§ **Data in this exercise**
[Start of Attachment]
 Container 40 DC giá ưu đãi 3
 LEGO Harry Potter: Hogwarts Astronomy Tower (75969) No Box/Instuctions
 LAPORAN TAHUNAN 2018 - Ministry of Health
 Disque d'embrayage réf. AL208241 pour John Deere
[End of Attachment]
[Start of Attachment]
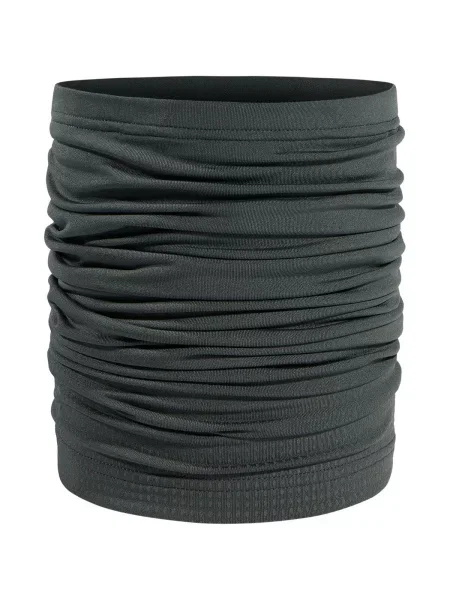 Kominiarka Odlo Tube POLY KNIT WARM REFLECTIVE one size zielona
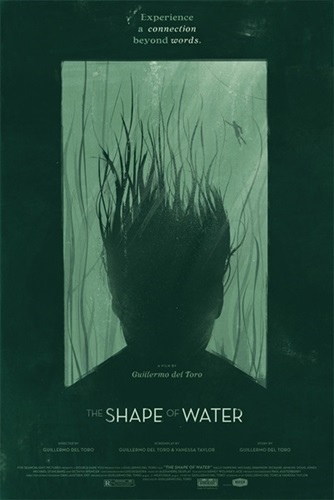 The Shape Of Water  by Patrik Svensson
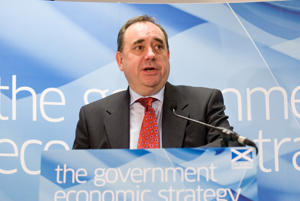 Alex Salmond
[End of Attachment]
[Start of Attachment]
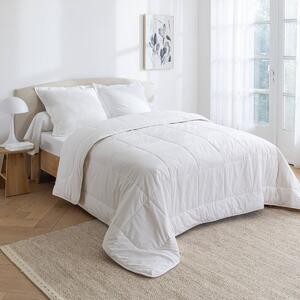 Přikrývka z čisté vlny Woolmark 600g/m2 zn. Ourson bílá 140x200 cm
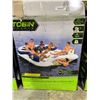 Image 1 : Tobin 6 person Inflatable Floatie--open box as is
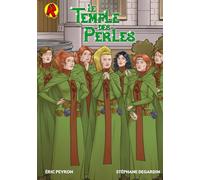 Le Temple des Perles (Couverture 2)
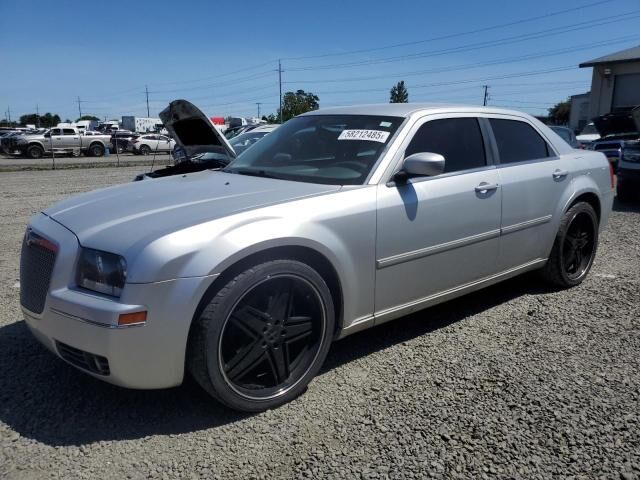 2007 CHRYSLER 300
[End of Attachment]
§ **Problem description**
In the entries above, which lines run from the one with "Image 1 : Tobin" up to and including the one with "2007 CHRYSLER 300"? Write them out exactly, without the pictures.

§ **Output**
 Image 1 : Tobin 6 person Inflatable Floatie--open box as is
 Le Temple des Perles (Couverture 2)
 2007 CHRYSLER 300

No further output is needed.